US President Barack Obama speaks at the Righteous Among the Nations Award Ceremony, organised by Yad Vashem, at Israel's Embassy in Washington January 27, 2016.
(photo credit: REUTERS)
WASHINGTON — In his Holocaust Remembrance Day message, President Barack Obama called for solidarity with Jews facing anti-Semitism in Europe and on campuses.
“Today, and every day, we stand in solidarity with the Jewish community both at home and abroad,” Obama said in his statement released Wednesday afternoon, on the eve of commemorations.

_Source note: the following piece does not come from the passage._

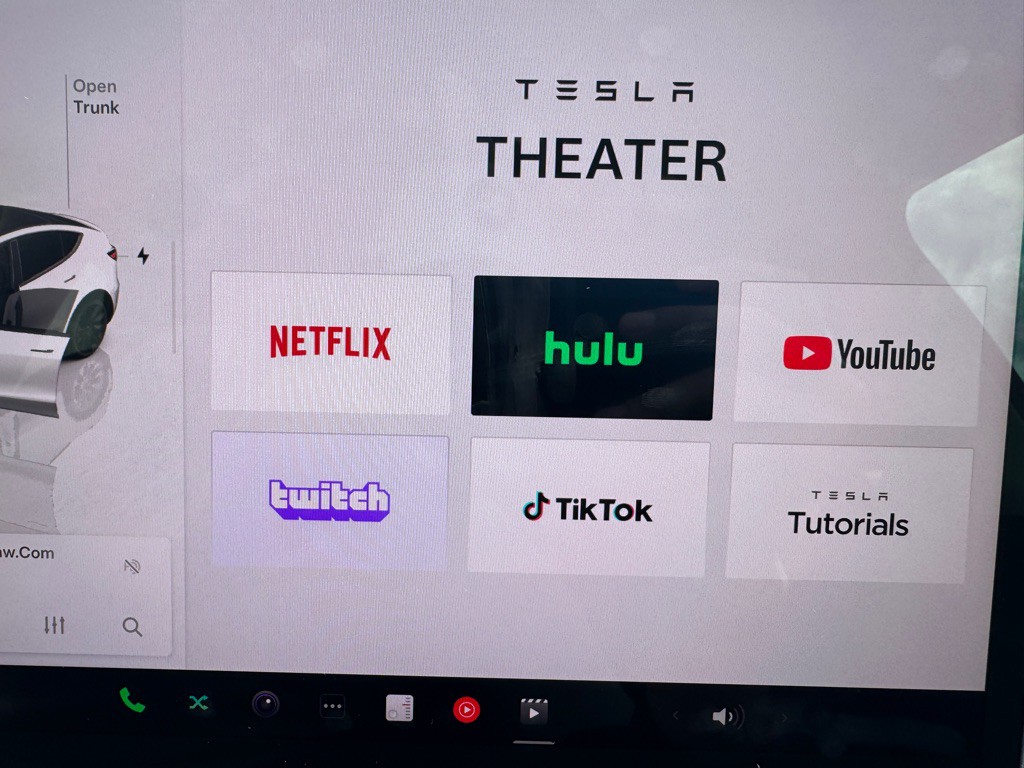 2022 Tesla Model Y Image 56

“We stand with those who are leaving the European cities where they have lived for generations because they no longer feel safe, with the members of institutions that have been attacked because of their Jewish affiliations, and with the college students forced to confront swastikas appearing on their campuses,” he said. “And we call upon all people of good will to be vigilant and vocal against every form of bigotry.”
Obama in his message also honored the six million Jews who perished during the Holocaust and those who survived, and drew from the day a more universal message.
“When we recognize our interconnectedness and the fundamental dignity and equality of every human being, we help to build a world that is more accepting, secure and free,” he said.
In a separate statement, John Kerry, who discovered late in life that his father’s parents were Jewish, noted his personal connection to the events to also draw lessons about the particular threats Jews face and the universal need for tolerance.
“As I have learned in the past decade, some of my own relatives were among those who perished in Auschwitz, Terezin, Sobibor, and Dachau,” he said.
“But the lessons of the Holocaust, and the need for remembrance, are universal, and as relevant to everyone today as they were seven decades ago,” Kerry said. “All of us should remember that many Jews fleeing violence and extremism were denied entry to our ports. All of us must stand firmly and resolutely against resurgent anti-Semitism, sectarian hatred, and bigotry in our time. All of us must act to confront discrimination on the basis of race or religion, insist on the rule of law in relations between nations and peoples, and do all we can to uphold the fundamental dignity of every human being.”
Penny Pritzker, the commerce secretary and the scion of a hotel business who was an early Jewish backer of Obama, was set to deliver remarks Thursday on behalf of the government at the annual commemoration in the Capitol organized by the U.S. Holocaust Memorial Museum.